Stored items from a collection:
== == ==

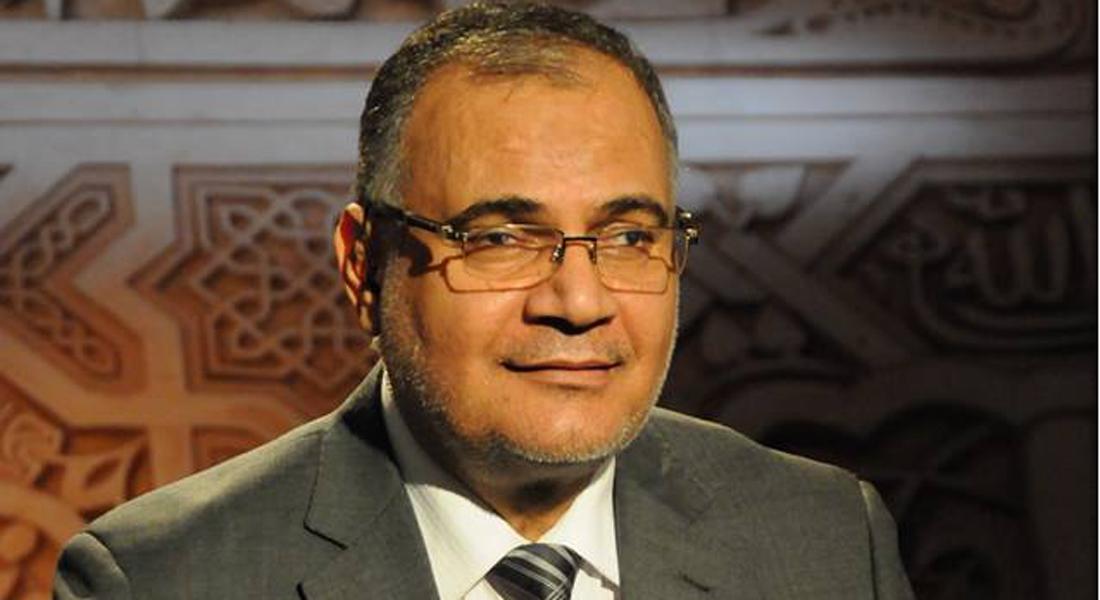 بالفيديو.. سعد الهلالي: السنة النبوية لم تصل إلينا كاملة
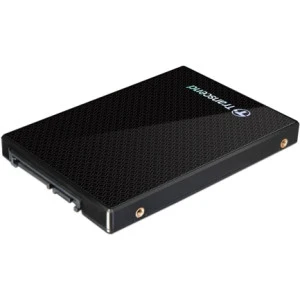Part No: TS32GSSD500 - Transcend 32 GB Internal Solid State Drive - 2.5 - SATA/300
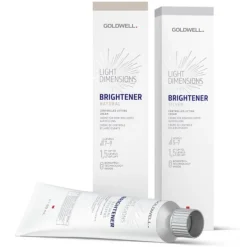 LIGHTDIMENSIONS Brightener von Goldwell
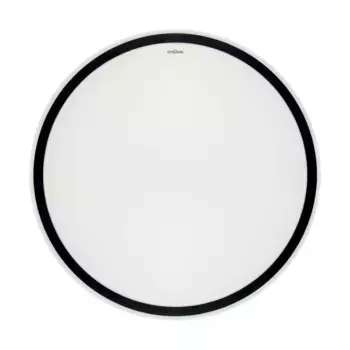 Светодиодный потолочный светильник Licht-Erlebnisse, цвет Bunt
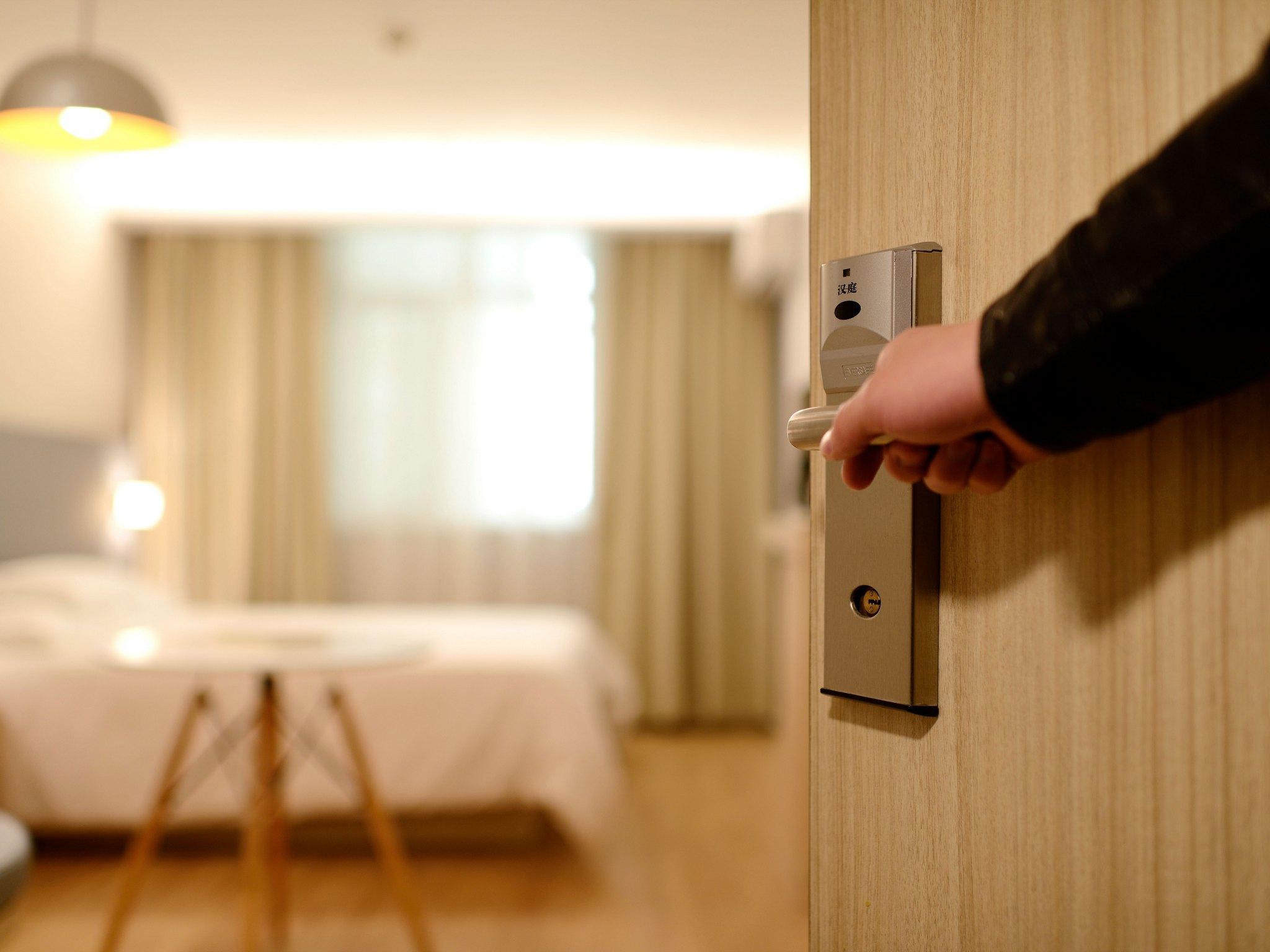 Airport Lykia Thermal & Hotel Dalaman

== == ==

# PROBLEM TO WORK ON:
I would like the lines from the one with "Part No: TS32GSSD500" through the last line of the data above retyped exactly, with pictures left out, please.

# ANSWER SPACE:
Part No: TS32GSSD500 - Transcend 32 GB Internal Solid State Drive - 2.5 - SATA/300
 LIGHTDIMENSIONS Brightener von Goldwell
 Светодиодный потолочный светильник Licht-Erlebnisse, цвет Bunt
 Airport Lykia Thermal & Hotel Dalaman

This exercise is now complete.